PDRN prevents SIRT1 degradation by attenuating autophagy during skin aging

衰老 自噬 细胞生物学 化学 皮肤老化 癌变 活力测定 氧化应激 细胞质 细胞 生物化学 生物 细胞凋亡 医学 皮肤病科 基因
作者
Jingjing Chen,Fanshan Qiu,Jianfeng Shi,Weimin Huang,Chenyu Zhao,Qianqian Han
出处
期刊:PLOS ONE [Public Library of Science]
卷期号:20 (5): e0321005-e0321005
标识
DOI:10.1371/journal.pone.0321005
摘要

Polydeoxyribonucleotide (PDRN) is a low molecular weight linear polyribonucleotide fragment derived from salmon sperm, known for its potential in tissue regeneration and anti-inflammatory applications. However, its specific function in cellular senescence is yet to be fully understood. Silent information regulator 1 (SIRT1), an NAD + -dependent deacetylase, plays a crucial role in regulating cellular aging and tumorigenesis. Notably, SIRT1 levels decrease with age in both mice and during cellular senescence, highlighting its significance in anti-aging processes. This study assessed the effects of PDRN on cellular aging induced by ultraviolet B (UVB) or hydrogen peroxide (H 2 O 2 ) and investigated the mechanisms of its protective effects against aging at the cellular level. Our data demonstrated that PDRN treatment mitigated the decline in cell viability and inhibited cell aging when exposed to UVB or H 2 O 2 . Furthermore, PDRN ameliorated UVB-induced epidermal thickening in mouse skin.
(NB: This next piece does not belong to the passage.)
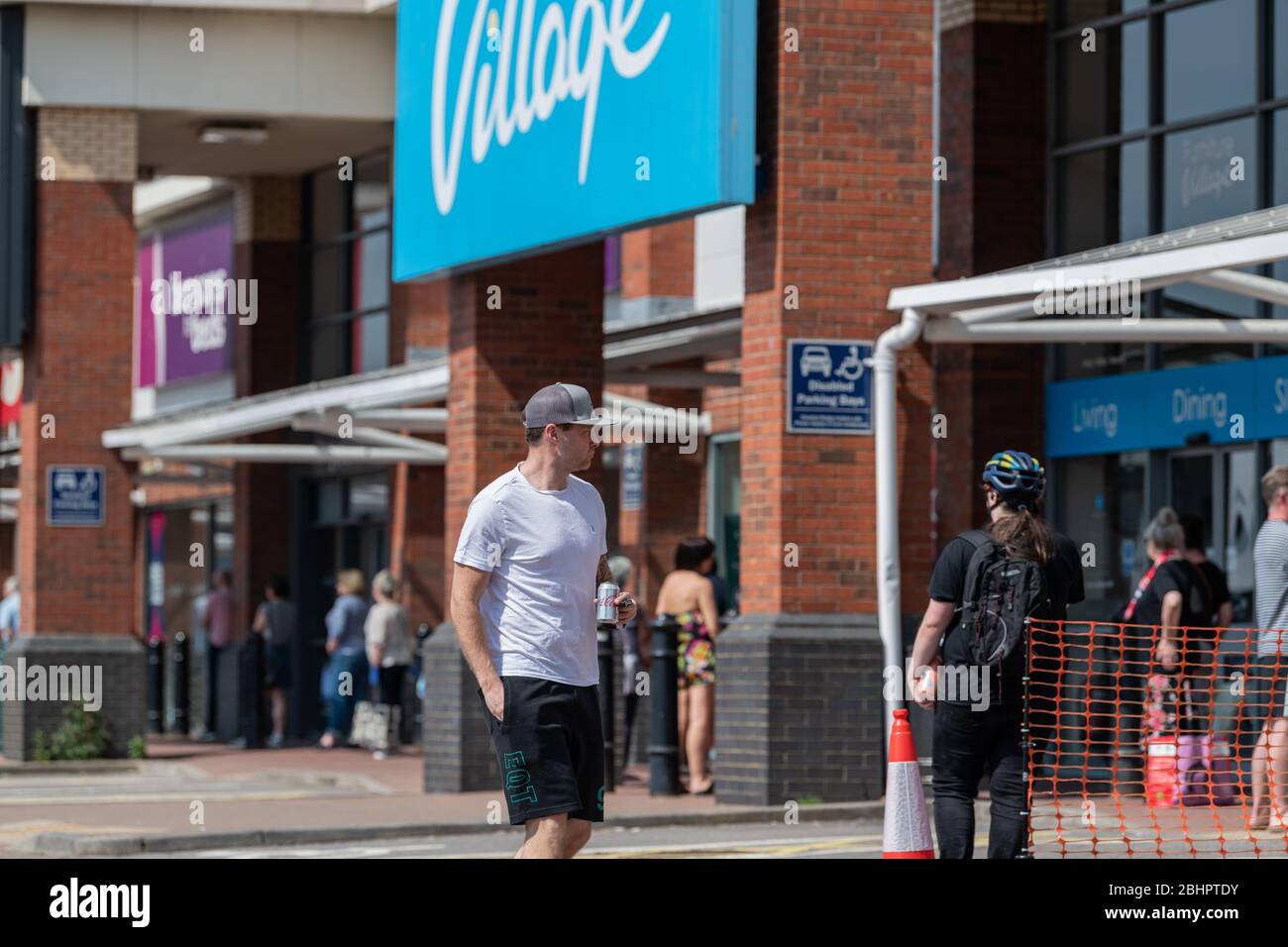 Die Käufer im Gallagher Retail Park stehen während der landesweiten Sperrung des Coronavirus vor langen Warteschlangen vor M&S und B&M. Stockfoto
Mechanically, we found that PDRN treatment led to a reduction in nuclear autophagy and the formation of cytoplasmic stress granules by preventing the accumulation of damaged LC3 in the nuclear and inhibiting the degradation of SIRT1 and p62 in the cytoplasm during cellular senescence. In conclusion, PDRN exhibits antioxidant and anti-aging properties by diminishing autophagy and enhancing SIRT1 expression. These results suggest that PDRN has potential as a therapeutic compound for reducing skin aging induced by UVB or H 2 O 2 through the modulation of SIRT1 levels.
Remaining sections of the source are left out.